Hulu’s High Fidelity remix fails to find its groove

Zoe Kravitz plays Rob in the book-turned-move-turned-TV-show adaptation of High Fidelity. The 10-episode series is on Hulu.
(Hulu/Phillip Caruso)
Zoe Kravitz plays Rob in the book-turned-move-turned-TV-show adaptation of High Fidelity. The 10-episode series is on Hulu. (Hulu/Phillip Caruso)

Hulu’s High Fidelity is for people who love to watch a square peg get painfully hammered into a round hole. The sound of a needle scratching across an entire side of a beloved vintage LP also comes to mind.

It’s a 10-episode comedy/ drama series based on Nick Hornby’s well-received 1995 novel about the lovesick pangs of a resolutely dyspeptic London record-shop owner trying to get over his ex-girlfriend.
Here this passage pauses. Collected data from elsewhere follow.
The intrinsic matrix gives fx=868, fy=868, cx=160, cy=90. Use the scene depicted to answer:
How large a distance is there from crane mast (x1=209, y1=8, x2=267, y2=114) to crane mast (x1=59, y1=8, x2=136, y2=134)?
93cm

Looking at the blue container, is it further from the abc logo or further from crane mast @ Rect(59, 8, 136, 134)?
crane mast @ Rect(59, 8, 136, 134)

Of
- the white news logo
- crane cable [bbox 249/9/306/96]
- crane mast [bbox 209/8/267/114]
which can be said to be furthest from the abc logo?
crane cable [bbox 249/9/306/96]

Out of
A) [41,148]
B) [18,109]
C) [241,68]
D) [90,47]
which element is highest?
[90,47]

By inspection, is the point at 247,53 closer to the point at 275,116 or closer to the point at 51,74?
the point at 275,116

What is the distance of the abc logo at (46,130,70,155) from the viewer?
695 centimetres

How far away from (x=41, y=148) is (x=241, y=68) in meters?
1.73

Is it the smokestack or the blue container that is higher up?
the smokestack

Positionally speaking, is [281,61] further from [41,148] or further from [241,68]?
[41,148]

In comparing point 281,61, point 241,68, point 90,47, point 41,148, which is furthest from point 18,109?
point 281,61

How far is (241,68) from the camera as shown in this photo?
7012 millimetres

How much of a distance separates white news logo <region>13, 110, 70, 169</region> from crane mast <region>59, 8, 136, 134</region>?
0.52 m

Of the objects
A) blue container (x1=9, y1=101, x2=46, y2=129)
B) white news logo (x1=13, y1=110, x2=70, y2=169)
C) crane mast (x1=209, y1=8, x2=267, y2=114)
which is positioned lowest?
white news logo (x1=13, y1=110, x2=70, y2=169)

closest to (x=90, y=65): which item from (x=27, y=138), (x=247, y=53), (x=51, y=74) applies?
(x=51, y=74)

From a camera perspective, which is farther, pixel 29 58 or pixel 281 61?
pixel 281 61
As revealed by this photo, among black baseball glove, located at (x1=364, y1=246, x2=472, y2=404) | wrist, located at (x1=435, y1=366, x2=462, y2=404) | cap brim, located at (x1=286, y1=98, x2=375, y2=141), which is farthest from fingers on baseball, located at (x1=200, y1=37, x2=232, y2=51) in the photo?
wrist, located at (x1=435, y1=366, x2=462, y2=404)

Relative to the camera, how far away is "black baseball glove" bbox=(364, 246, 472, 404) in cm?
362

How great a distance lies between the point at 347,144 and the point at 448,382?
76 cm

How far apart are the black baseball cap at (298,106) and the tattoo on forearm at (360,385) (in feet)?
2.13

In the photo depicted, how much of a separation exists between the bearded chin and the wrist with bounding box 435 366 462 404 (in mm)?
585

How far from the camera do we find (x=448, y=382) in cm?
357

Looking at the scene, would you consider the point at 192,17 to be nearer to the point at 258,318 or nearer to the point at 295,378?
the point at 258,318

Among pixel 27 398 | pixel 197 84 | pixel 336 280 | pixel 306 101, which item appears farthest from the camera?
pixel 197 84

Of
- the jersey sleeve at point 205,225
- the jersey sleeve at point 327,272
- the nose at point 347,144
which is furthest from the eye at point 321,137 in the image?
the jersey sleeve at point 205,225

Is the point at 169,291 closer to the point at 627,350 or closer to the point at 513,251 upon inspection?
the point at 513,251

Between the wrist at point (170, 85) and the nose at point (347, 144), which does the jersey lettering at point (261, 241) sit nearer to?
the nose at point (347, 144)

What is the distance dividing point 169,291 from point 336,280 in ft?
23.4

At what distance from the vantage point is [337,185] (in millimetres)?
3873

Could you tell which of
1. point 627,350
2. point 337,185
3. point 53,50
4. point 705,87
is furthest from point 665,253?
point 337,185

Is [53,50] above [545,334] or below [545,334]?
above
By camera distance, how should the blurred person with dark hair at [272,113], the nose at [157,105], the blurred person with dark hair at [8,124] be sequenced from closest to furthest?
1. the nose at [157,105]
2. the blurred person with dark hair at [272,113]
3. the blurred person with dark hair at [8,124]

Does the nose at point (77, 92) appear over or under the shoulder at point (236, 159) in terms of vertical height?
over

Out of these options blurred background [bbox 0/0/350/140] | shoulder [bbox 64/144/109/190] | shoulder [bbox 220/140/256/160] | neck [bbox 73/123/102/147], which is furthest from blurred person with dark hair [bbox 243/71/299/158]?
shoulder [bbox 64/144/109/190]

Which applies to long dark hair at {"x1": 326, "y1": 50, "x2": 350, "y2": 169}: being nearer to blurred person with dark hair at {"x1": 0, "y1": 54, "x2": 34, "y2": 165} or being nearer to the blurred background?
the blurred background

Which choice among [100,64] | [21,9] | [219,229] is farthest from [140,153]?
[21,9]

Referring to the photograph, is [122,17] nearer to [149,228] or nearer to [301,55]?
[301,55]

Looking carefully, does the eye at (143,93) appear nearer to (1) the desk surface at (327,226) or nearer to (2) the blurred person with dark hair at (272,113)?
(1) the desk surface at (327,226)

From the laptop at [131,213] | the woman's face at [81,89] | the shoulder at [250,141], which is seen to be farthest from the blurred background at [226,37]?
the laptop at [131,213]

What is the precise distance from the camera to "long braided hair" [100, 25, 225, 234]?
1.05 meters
John Cusack, one of Generation X’s preeminent hangdog crushes, starred in the enjoyable 2000 film adaptation, which moved the story to Chicago, introduced the moviegoing public to Jack Black (as a hyperactive clerk), and turned out to be a fitting ode to a particular strain of music geekdom that was already marked for extinction. The story, which was also made into a stage musical, was only ostensibly about how men and women navigate relationships in their early 30s; mostly it was about how much some people loved record stores.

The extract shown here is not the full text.